Au-rich Au_0.75Cu_0.25/TNTs demonstrate the highest ABPE at 0.6 V_RHE and show an increase in photocurrent of 68% at 1.23 6 V_RHE compared to pure Au NCs. On the other hand, Au_0.75Cu_0.25/TNTs show a higher recombination of charge carriers compared to its pure Au counterpart as observed by its higher PL intensity but lower charge transfer resistance. It exhibits current values of 65 μA cm⁻² in the dark and 98 μA cm⁻² under light exposure (Fig. 7c) at 1.23 V_RHE. As the structural arrangement of Au_0.75Cu_0.25 NCs consists of a large pure gold or gold-rich metallic core (around 85%) surrounded by a thin Cu₂O/CuO layer at the surface, it features a higher plasmon intensity than the other alloy electrodes. As Au_0.75Cu_0.25 differs mostly from pure Au by the presence of a thin CuO_x layer, this copper oxide may be responsible for its higher activity.

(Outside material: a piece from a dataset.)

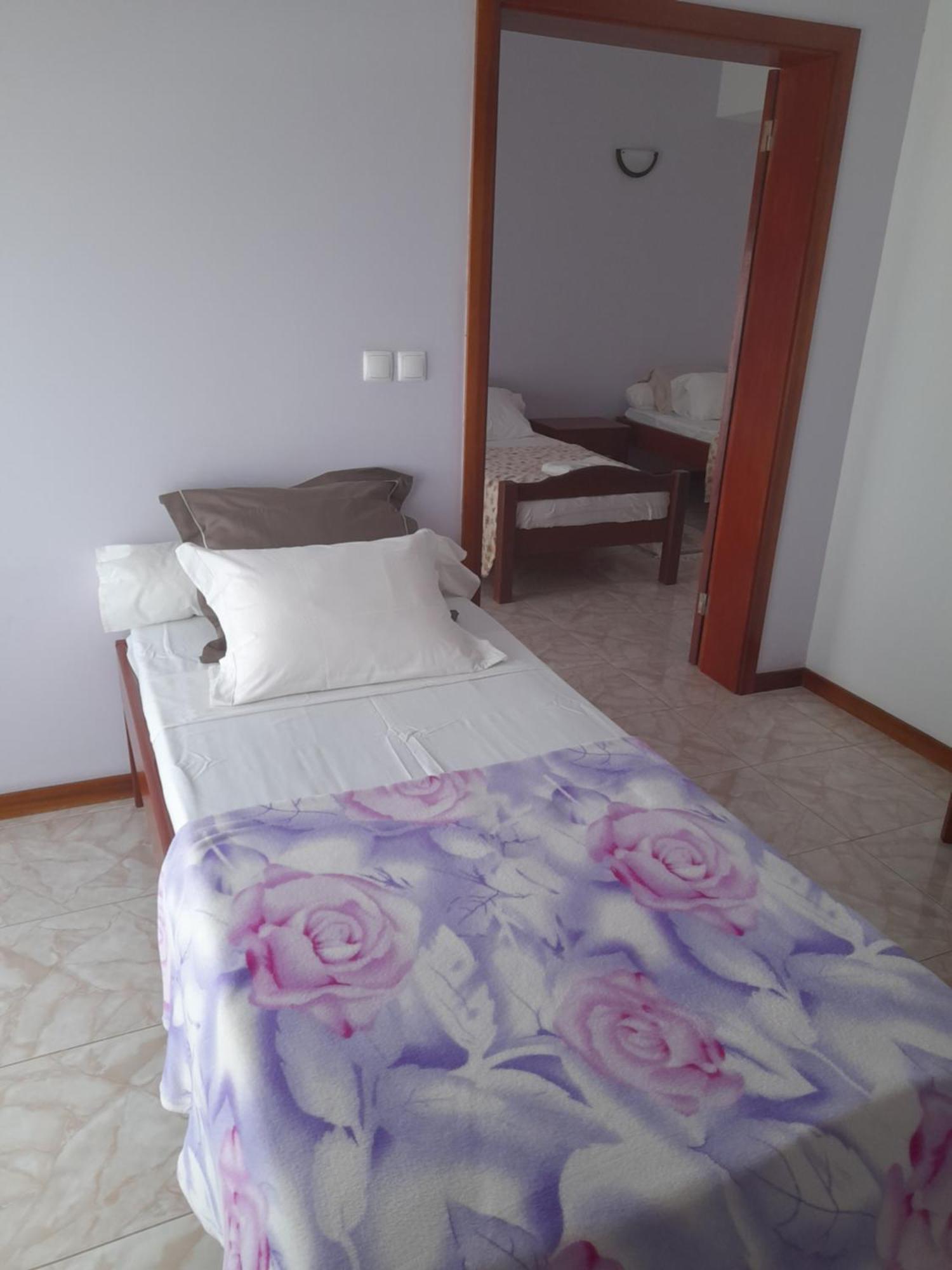 Bed and Breakfast Yria Residencial Porto Novo Pokoj fotografie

Au_0.5Cu_0.5/TNTs demonstrate a 25% increase in activity compared to Au_0.75Cu_0.25 at 1.23 V_RHE. On the other hand, it shows lower recombination of charge carriers and charge transfer resistances as observed by its lower PL intensity and EIS, respectively. Au_0.5Cu_0.5 NCs consist of a pure gold/gold-rich random alloy at the core (56%). They differ from Au_0.75Cu_0.25 NCs by their smaller metallic core and thicker CuO_x (36%) surface layer. This structural arrangement is expected to further reduce the plasmon intensity, while the higher amount of copper oxide at the surface may be at the origin of its higher activity. The discrepancy between XPS and XAFS measurements indicates that NCs with this composition are unstable and their actual in situ structural arrangement may thus be different from the one presented in Fig. 5.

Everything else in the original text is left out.